To do: Reproduce the entire listing exactly as written, apart from its pictures.

Input data:
- Opening Delimiter -

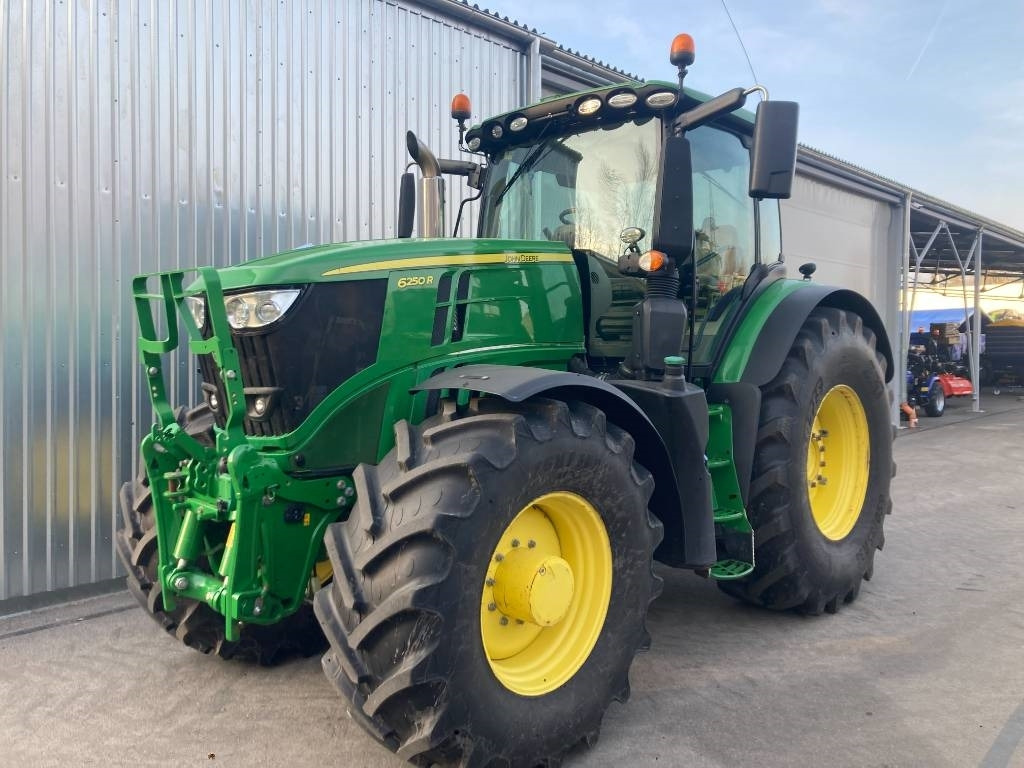 John Deere 6250 R - Trator: foto 1 John Deere 6250 R - Trator: foto 1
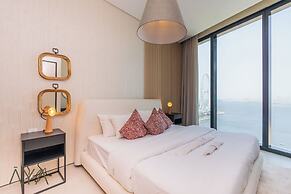 Aya - Beachfront Bliss 2BR Haven at The Beach Residences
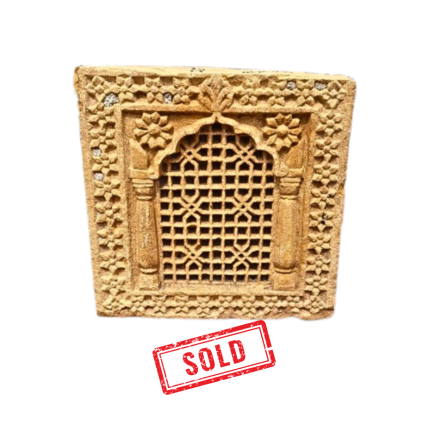 Petite fenêtre rectangulaire claustra en grès beige sculptée au trépan XVII ème - XVIII ème siècle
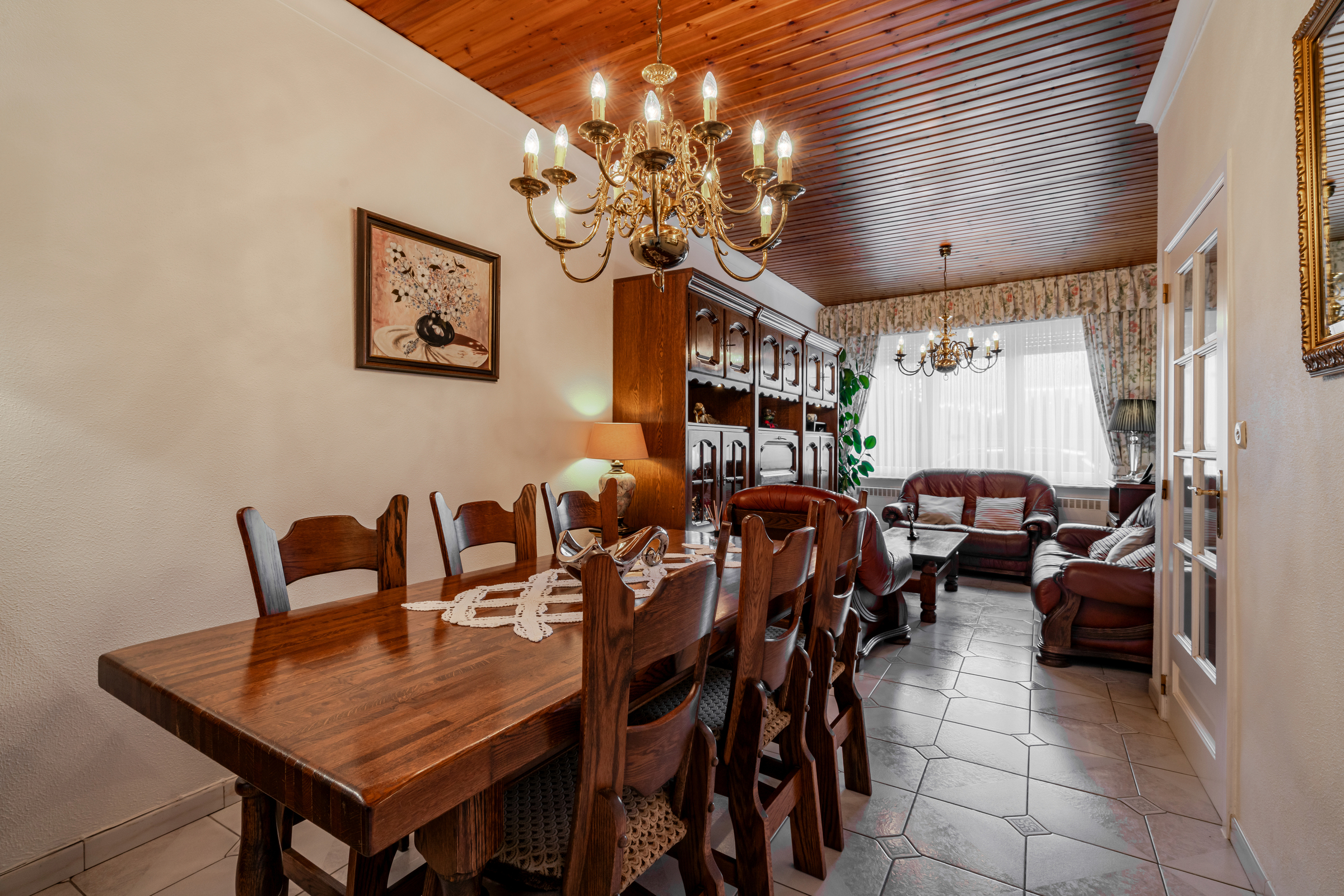 Gezinswoning met buitenkoer in centrum Vilvoorde - foto 5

- Closing Delimiter -

Result of the exercise:
 John Deere 6250 R - Trator: foto 1 John Deere 6250 R - Trator: foto 1
 Aya - Beachfront Bliss 2BR Haven at The Beach Residences
 Petite fenêtre rectangulaire claustra en grès beige sculptée au trépan XVII ème - XVIII ème siècle
 Gezinswoning met buitenkoer in centrum Vilvoorde - foto 5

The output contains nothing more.